Determining if certain sets are vector spaces

1. Dec 13, 2011

csc2iffy

1. The problem statement, all variables and given/known data

The set of all pairs of real numbers of the form (1,x) with the operations:
(1,x)+(1,y)=(1,x+y) and k(1,x)=(1,kx) k being a scalar

Is this a vector space?

2. Relevant equations
(1,x)+(1,y)=(1,x+y) and k(1,x)=(1,kx)

3. The attempt at a solution
I verified most of the axioms hold, but I'm unsure about the additive identity.
Can it be something other than the zero vector?
My attempt, "O" being the additive identity
O=(1,0)
A+O=(1,x)+(1,0)=(1,x)
This means the additive inverse must equal (1,0)
A+(-A)=(1,x)+(-1,-x)=(1,x+(-x))=(1,0)
If this isn't right, then I know it doesn't hold. I'm just a little confused. Thanks for any help

2. Dec 13, 2011

Dick

That's all correct. You understand this very well. They defined the operations in a way that was maybe intended to confuse you. But you weren't confused. (1,0) is the 'zero' vector.

3. Dec 13, 2011

Office_Shredder

Staff Emeritus
If A=(1,x) then -A is (1,-x) not (-1,-x). Otherwise it looks like you've got it. You can imagine just chopping off the 1 here and describing the element (1,x) by just the number x. Then what you really have is just the standard real numbers

4. Dec 13, 2011

Dick

Ooops. Missed that. Thanks for being careful.

5. Dec 13, 2011

SammyS

Staff Emeritus
Sort of OK. Besides the correction above, the wording needs a little work.

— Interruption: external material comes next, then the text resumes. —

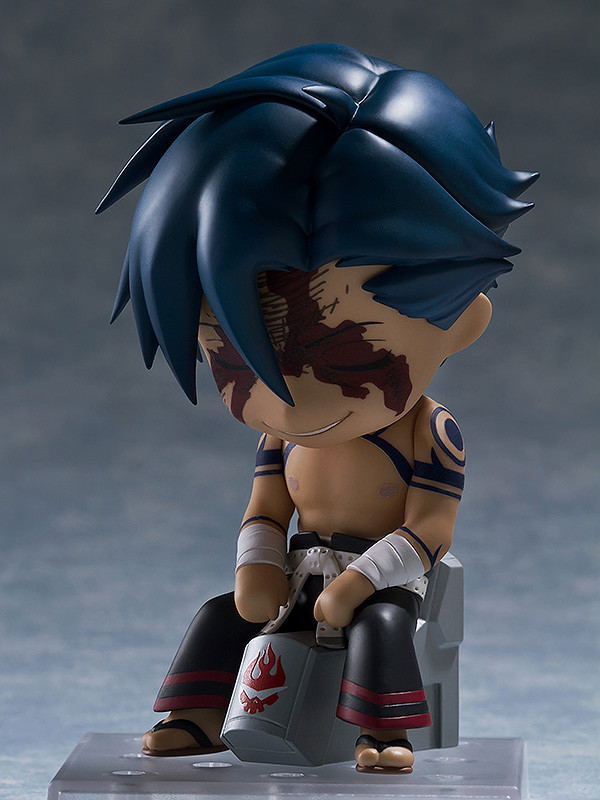 Nendoroid No. 935 Gurren Lagann: Kamina [Good Smile Company Online Shop Limited Ver.] image 8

The sentence "This means the additive inverse must equal (1,0) ." should be changed to something like: "This means when the additive inverse of any number pair is added to that number pair, the result is (1,0)."

6. Dec 13, 2011

csc2iffy

Thank you all for the very quick responses!! That makes me feel so much better... I have a final coming up on this :)